Schematic profile of a liquid droplet on the sample surface: (1) sample surface; (2) a drop of liquid.

Full size image

The functional dependence (A11, A12) = f(Cs) is characterized by a second degree polynomial equation (Fig. 2), which has the following analytical expression (r2 = 0.92):

$$\begin{gathered} ({{A}_{{11}}},{{A}_{{12}}}) = - {{10}^{{ - 23}}}C_{s}^{2} + 8.15 \times {{10}^{{ - 22}}}{{C}_{s}} \\ + \;7.38 \times {{10}^{{ - 20}}}. \\ \end{gathered} $$
(15)
Fig. 2.
figure 2

Functional dependence (A11, A12) = f(Cs).

Full size image

The obtained functional dependence (Fig. 2) shows that the composition consisting of fine powders of basalt and sand is characterized by the maximum value of the Hamaker constant at a certain mass ratio of components. The ratio of the components of the mixture of these powder materials at which the maximum van der Waals dispersion effect appears can be calculated as follows.

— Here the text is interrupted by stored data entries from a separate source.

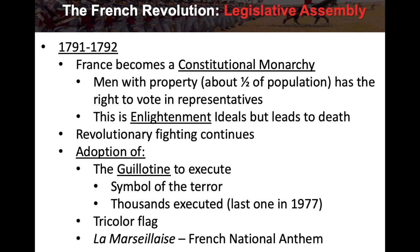During 1791 to 1792, the guillotine is adopted to execute people — a symbol of terror. Thousands are executed in France. In fact, death by guillotine stayed on the books in France all the way until the last execution by guillotine in 1977. This legislative assembly period is setting up what will take place when Napoleon grabs power.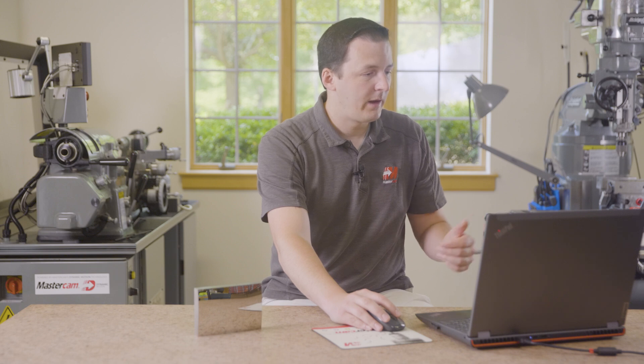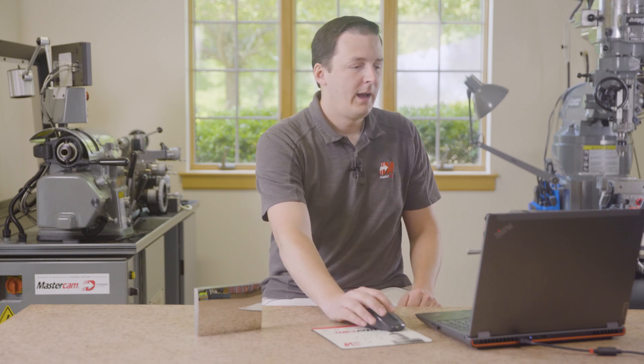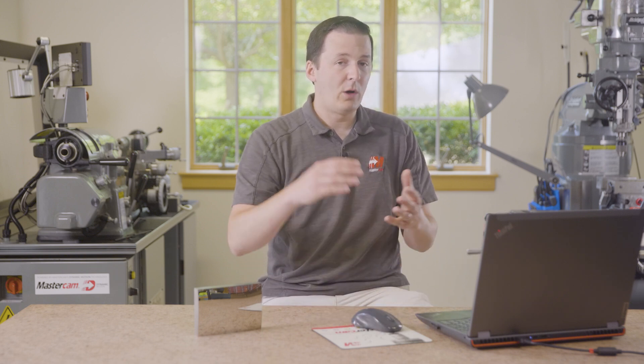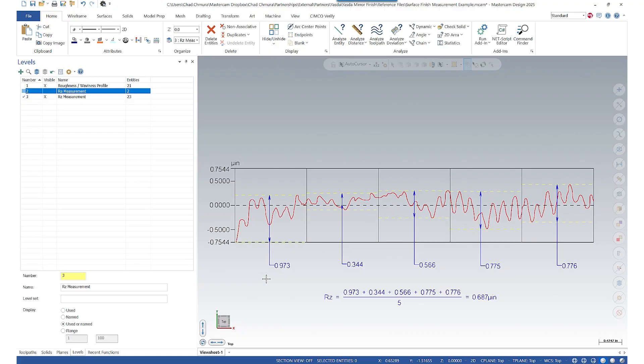RZ, on the other hand, is used more internationally, and RZ takes into account all those peaks and valleys. In five separate chunks, it takes the average of those values, and in this case, the RZ of this graph is 0.6 micro-inch.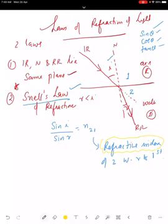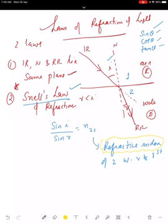Refractive index is a term that gives you different parameters when light travels from one transparent medium to the other. There will be a change in the path of light — it can bend toward the normal or away from the normal. The extent of the change in direction that takes place in a given pair of media can be expressed in terms of the refractive index n₂₁, which is the refractive index of the second medium with respect to the first medium.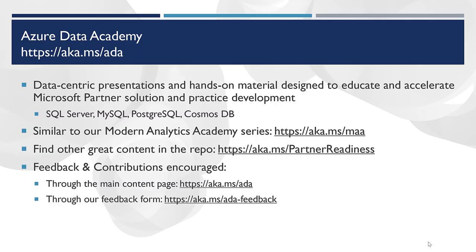Thank you, Gennady. That's great information. Thank you everybody for attending today's presentation. Once again, you can find our content at aka.ms/ada and your feedback is most appreciated, which you can leave directly in our repo or through our feedback form aka.ms/ada-feedback. Thanks again for attending and we look forward to seeing you in the next session.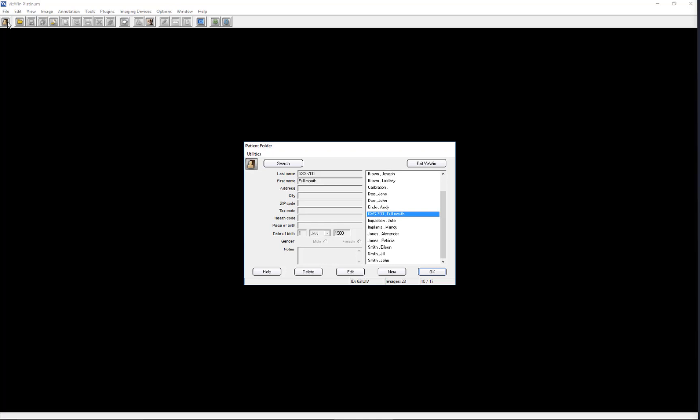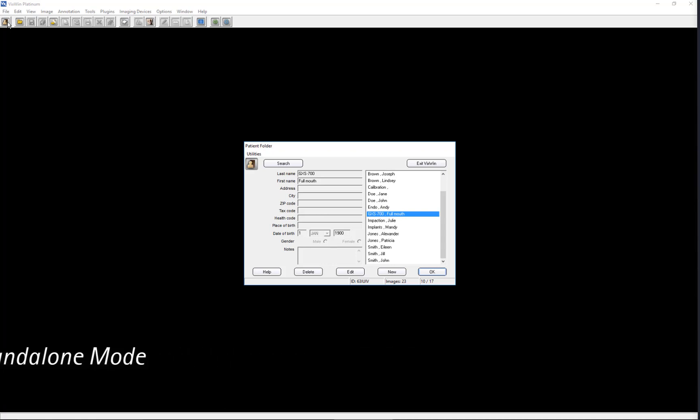VixWin may be installed on your computer and configured in either Bridge Mode or Standalone Mode. In Bridge Mode, VixWin receives the patient name and ID from the Practice Management Program. Refer to your Practice Management Software User's Manual for more information.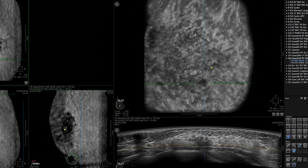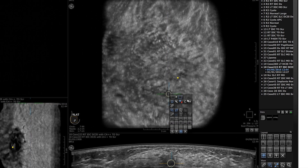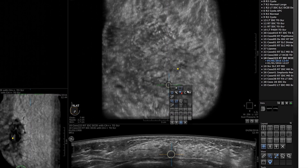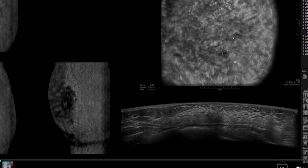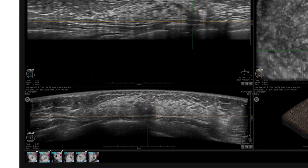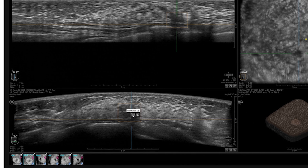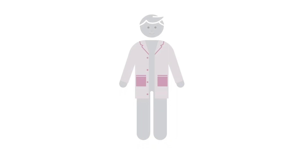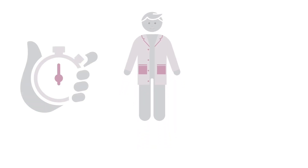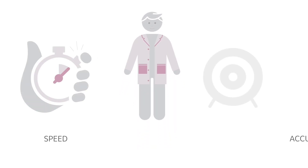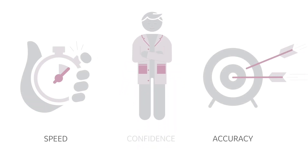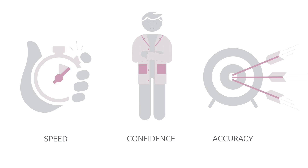The powerful AI assistant seamlessly integrates intelligent algorithms to assist in detecting and characterizing breast lesions, helping radiologists increase their reading speed with a great degree of confidence.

Differentiating Eq. (15) with respect to Cs, we obtained an expression for the derivative related to the functional dependence of the form \(\frac{{d{{A}_{{11}}},{{A}_{{12}}}}}{{d{{C}_{s}}}}\) = f(Cs):

$$({{A}_{{11}}},{{A}_{{12}}}) = - 2 \times {{10}^{{ - 23}}}{{C}_{s}} + 8.15 \times {{10}^{{ - 22}}}.$$
(16)

Considering that the derivative of function (15) at the maximum point is equal to 0, we obtain Cs ≈ 41%. Thus, the ratio of components for the finely dispersed composition “basalt–sand” characterized by the maximum value of the Hamaker constant is as follows: 59% basalt and 41% polymineral sand.

FINDINGS

1. For the selection of raw materials when creating a composite material, it is proposed to use the value of the Hamaker constant calculated from the value of the analog component and making it possible to evaluate their dispersion interaction. It has been established that the value of the analog Hamaker constant is a function of the response of the nature of the analyzed materials, and the existence of a functional relationship between the Hamaker constant and the composition of the tested samples makes it possible to justify the choice of a quantitative combination of components that give the maximum van der Waals effect.

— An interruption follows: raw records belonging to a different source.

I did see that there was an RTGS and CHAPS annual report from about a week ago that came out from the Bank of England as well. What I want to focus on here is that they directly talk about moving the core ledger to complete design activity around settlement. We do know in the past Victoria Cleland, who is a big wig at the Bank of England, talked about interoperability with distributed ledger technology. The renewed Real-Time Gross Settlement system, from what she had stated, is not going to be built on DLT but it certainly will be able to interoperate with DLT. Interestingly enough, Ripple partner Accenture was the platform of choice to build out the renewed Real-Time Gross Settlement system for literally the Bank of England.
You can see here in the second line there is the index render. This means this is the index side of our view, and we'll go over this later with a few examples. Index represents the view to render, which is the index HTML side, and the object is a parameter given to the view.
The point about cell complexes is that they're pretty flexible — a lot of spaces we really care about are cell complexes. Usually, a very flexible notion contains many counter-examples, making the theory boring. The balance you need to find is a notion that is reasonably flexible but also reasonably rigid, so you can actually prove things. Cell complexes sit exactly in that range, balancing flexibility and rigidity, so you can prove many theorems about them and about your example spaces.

2. An assumption is made about the presence of a constant characteristic of a thin film that wets the analyzed surface. Moreover, this thin film has a wetting angle of the transition region “film–bulk phase” whose value is determined by the nature of the surface and the properties of the wetting liquid. The value of this parameter is calculated on the basis of the functional dependence relating the equilibrium wetting angle and the surface tension of the liquids used. The wetting angle of the transition region can be an additional quantitative criterion for the selection of naturally compatible materials.